At her book launch Cathy Ashton described diplomats as people “in the back row of summit photographs, if they are there at all”. Discretely offering advice in the background suits them. When they enter the limelight it is often uncomfortable, as Wotton found out all those years ago. Kim Darroch stood down as US Ambassador after his candid private comments to his government on Donald Trump became public.
David Frost has made a controversial transition from middle-ranking diplomat to outspoken unelected Brexit cheerleader, Boris Johnson-appointed member of the House of Lords, and a former Cabinet minister.
Sir Peter Westmacott worries about “recent attempts in Britain to devalue and politicize the civil service and other institutions”, mildly suggesting “there could be real advantage for the country in more effectively tapping into, rather than walking away from, the expertise of those who have honed their skills in what has traditionally been one of the best performing governmental machines in the Western world”.
Since Ashton’s day, British diplomacy has had a tough time, drenched by the “hard rain” which Dominic Cummings wished on the civil service blob as a whole. Brexit has deconstructed much of the multilateral diplomacy on which British foreign relations had been built on for at least a generation. The UK’s pretensions to being the bridge across the Atlantic between Europe and America have been exploded. Foreign powers, including the US, have reassessed their relations with the UK in the light of Brexit, and now view it as a less reliable ally.
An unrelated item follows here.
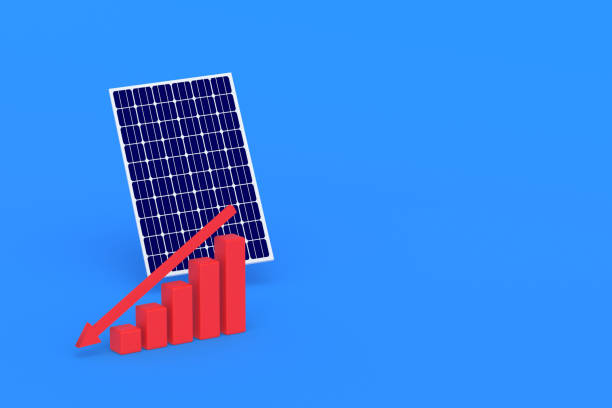 Solar panel near graph. Negative growth dynamics, construction of ecological power plants. Loss, photovoltaic elements sales report. Falling popularity of green energy. Copy space. 3d render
Foreign Office officials are almost in a state of shock after enduring three maverick Foreign Secretaries. Neither Boris Johnson, Dominic Raab nor Liz Truss respected the norms of ministerial behaviour or the expert advice of their diplomats. Britain’s global standing was not enhanced during their tenure.
James Cleverly, Rishi Sunak’s new Foreign Secretary, has started to rebuild trust. Like Cathy Ashton he is not a foreign affairs specialist and is said to work hard to digest his briefings before taking decisions.
At the height of the furore over Nadhim Zahawi’s tax affairs Cleverly’s deftness earned him the dubious reward of being fielded as a safe pair of hands for the Sunday morning media round. As Cleverly pointed out himself, such matters were a long way from his day job as foreign secretary. He wasn’t lying!